NAPOLÉON OU L’ART D’ÊTRE CHEF
Leader et stratège hors pair, Napoléon Bonaparte était un formidable meneur d’hommes. De quoi inspirer, aujourd’hui, bon nombre de militaires, de chefs d’entreprise ou le... président de la République.
Napoléon stratège » : le titre de l’exposition qui se tient actuellement * au musée de l’Armée relève presque de la tautologie tant le nom de l’Empereur se confond avec la notion de stratégie. A tel point que sa méthode déborde aujourd’hui du seul domaine militaire pour inspirer le monde de l’entreprise. Les organisateurs l’annoncent d’emblée : « Quand l’homme d’affaires d’aujourd’hui bâtit sa stratégie commerciale autour de la récolte et du traitement des données par le digital, Napoléon, lui prépare ses campagnes grâce à des outils plus rudimentaires. » Et de dresser un parallèle audacieux mais séduisant entre les objets utilisés par Napoléon dans ses pérégrinations guerrières et les techniques de management contemporain : la longue-vue (veille concurrentielle), le mythique bicorne (branding), la cassette contenant les renseignements sur l’ennemi (benchmarking), la chaise pliante (réactivité), la carte (conquête des nouveaux marchés), etc.
UN REDOUTABLE COMMUNICANT
A vrai dire, l’idée n’est pas neuve. Dans sa désopilante uchronie, La Mort de Napoléon, Simon Leys l’imagine après son évasion de Sainte-Hélène, en ménage avec une maraîchère parisienne et faisant fortune dans le commerce de melons au détail ! Trêve de plaisanterie : il est indéniable que ses qualités d’organisateur, à la fois comme chef d’Etat et comme « dieu de la guerre » (la formule est de Clausewitz), en font un modèle insurpassable de leader. Napoléon est d’abord un meneur d’hommes, un super-DRH qui recrute les meilleurs (du soldat au ministre en passant par l’espion), les utilise à bon escient (Fouché pour surveiller, Schulmeister pour fouiner, Murat pour sabrer, Talleyrand pour traiter), et sait les récompenser (Légion d’honneur et promotions fulgurantes). Chez lui, l’ascenseur social fonctionne et la méritocratie n’est pas un mot vide de sens : dans quelle autre armée de l’époque, un fils de tonnelier comme Ney aurait-il pu devenir maréchal et prince de la Moskova ? L’ancien élève du collège de Brienne met aussi l’accent sur l’éducation et la formation : on lui doit les lycées et le développement des grandes écoles. Dans ses célèbres Cahiers, le capitaine Coignet raconte d’ailleurs comment, entre deux batailles, on lui apprend à lire et on le tire vers le haut… Ensuite, l’Empereur est un redoutable communicant. Il comprend immédiatement que le faire savoir est aussi vital que le savoir-faire. Général anonyme en quête de notoriété, il ne se contente pas d’accumuler les victoires (et comment !) pendant la campagne d’Italie : il va les faire connaître et façonner son image en créant deux journaux dédiés à sa gloire : Le Courrier
de l’armée d’Italie, puis La France vue de l’armée d’Italie.
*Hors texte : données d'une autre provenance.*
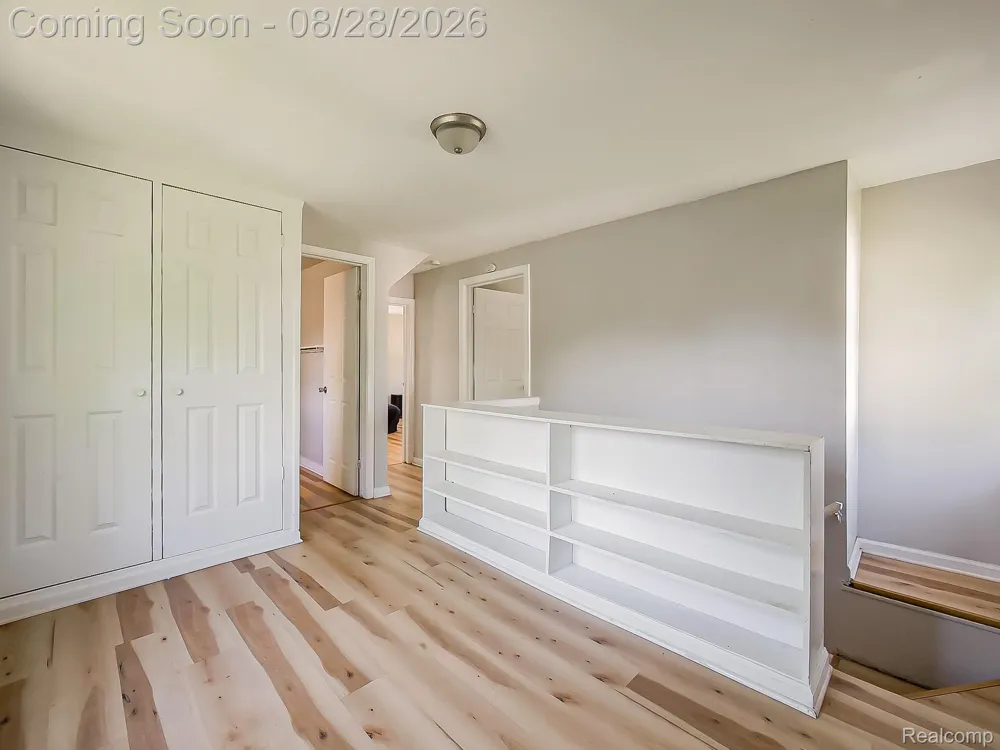 14725 Agnes Avenue Eastpointe City, MI 48021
Même après la chute, l’exilé de Sainte-Hélène construira sa propre légende avec le Mémorial de Las Cases, s’assurant du premier rôle dans la postérité. D’où la fascination qu’il exerce toujours : selon Jean Tulard, pape des études napoléoniennes, il s’est écrit plus de livres sur Napoléon qu’il ne s’est écoulé de jours depuis sa mort. Paradoxalement boudé en France (juste une rue Bonaparte, nulle avenue en son nom dans notre capitale dont il fut l’architecte et l’ordonnateur pourtant, alors que ses maréchaux y ont des boulevards), il est une superstar à l’étranger. En Chine ou au Japon, les expositions qui lui sont consacrées attirent des foules immenses. Ce n’est pas tant le conquérant qu’on y admire mais le dirigeant, son sens de l’initiative et du mouvement. On se souvient de l’acquisition en 2014 d’un des bicornes de l’Empereur par Kim Hong-kuk (le roi du poulet sud-coréen !) pour la coquette somme de 1,88 million d’euros. Explication du grand patron asiatique : « Napoléon fut le précurseur de l’homme d’affaires moderne ! » Nul n’est prophète en son pays… ■ * Jusqu’au 22 juillet.